Generalized Benford’s law

Several researchers (e.g., Leemis, Schmeiser, & Evans, 2000) have studied conditions under which a distribution seems more likely to satisfy NBL. Fewster (2009) provided an intuitive explanation of why and when the law applies and concluded that any dataset that smoothly spans several orders of magnitude tends to conform to NBL. Data limited to one or two orders of magnitude would generally not conform to the law.

To pursue the question of why many data conform to NBL further, the conservative version of the NBL may be a better starting point than the mere first-digit analysis. Recall that in the conservative version, a random variable X conforms to NBL if Frac(Log(X)) ~ U([0,1[). In an attempt to show that the roots of NBL ubiquity should not be looked for in the specific properties of the logarithm, Gauvrit and Delahaye (2008, 2009) defined a generalized Benford’s law (GBL) associated with any function f as follows: A random variable X conforms to a GBL associated with function f if Frac(f(X)) ~ U([0,1[). The classical NBL thus appears as a special case of GBL, associated with function Log.

Testing several mathematical and real-world datasets, Gauvrit and Delahaye (2011) found that several of them fit GBL better than NBL. Of 12 datasets they studied, six conformed to the classical NBL, while 10 conformed to a GBL with function f(x) = π × x2, and nine with square-root function. On the other hand, none conformed to GBL with function Log o Log. These findings suggest that a GBL associated with the relevant function—depending on the context—might yield more specific or sensitive tests for detecting fraudulent or erroneous data.

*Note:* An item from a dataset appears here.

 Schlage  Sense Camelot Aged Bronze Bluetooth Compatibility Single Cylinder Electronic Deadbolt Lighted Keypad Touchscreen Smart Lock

We addressed this question in two studies. In both studies, each participant produced a whole series of values, allowing analyzing the resulting distribution at an individual level. In Study 1, we examined three versions of GBL in four different situations in order to compare the sensitivity and specificity of different types of GBL analyses. Study 2 explored the potential effects of variations of familiarity with the material and of cognitive effort on the productions.

Concluding Discussion

We performed the first investigation of the generalized Benford analysis, an equivalent of the classical Benford analysis, but based on the broader GBL. Results from Study 1 rendered mild support for the generalized Benford analysis, including the classical Benford analysis. They also draw attention to the fact that different types of data yielded different outcomes, suggesting that the best way of detecting fraud using GBL associated with some function f would be obtained either by finding the function f that best matches the particular data at hand or by combining different analyses. Although the classical Benford analysis was validated in our studies, it occasionally failed at detecting human-produced data as efficiently as other generalized Benford analysis.

The present positive results could have been the result of our sample characteristic, in which participants, contrary to real swindlers, might have put little effort into the task since the stakes were low. Plus, the participants were not highly familiar with the material at hand. To rule out the possibility that our results resulted from such features and GBL would be inapplicable in real situations, Study 2 aimed at demonstrating that cognitive effort and familiarity with the material have little effect on the participants’ responses. The data supported this view, although further studies (including higher levels of cognitive pressure and true experts) would be recommended.

With Benford analysis having become more common in fraud detection, new complementary analyses are needed (Nigrini & Miller, 2009). The GBL analysis potentially provides a whole set of such fraud detection methods, which means making it more difficult, even for informed swindlers intentionally conforming to NBL, to remain undetected.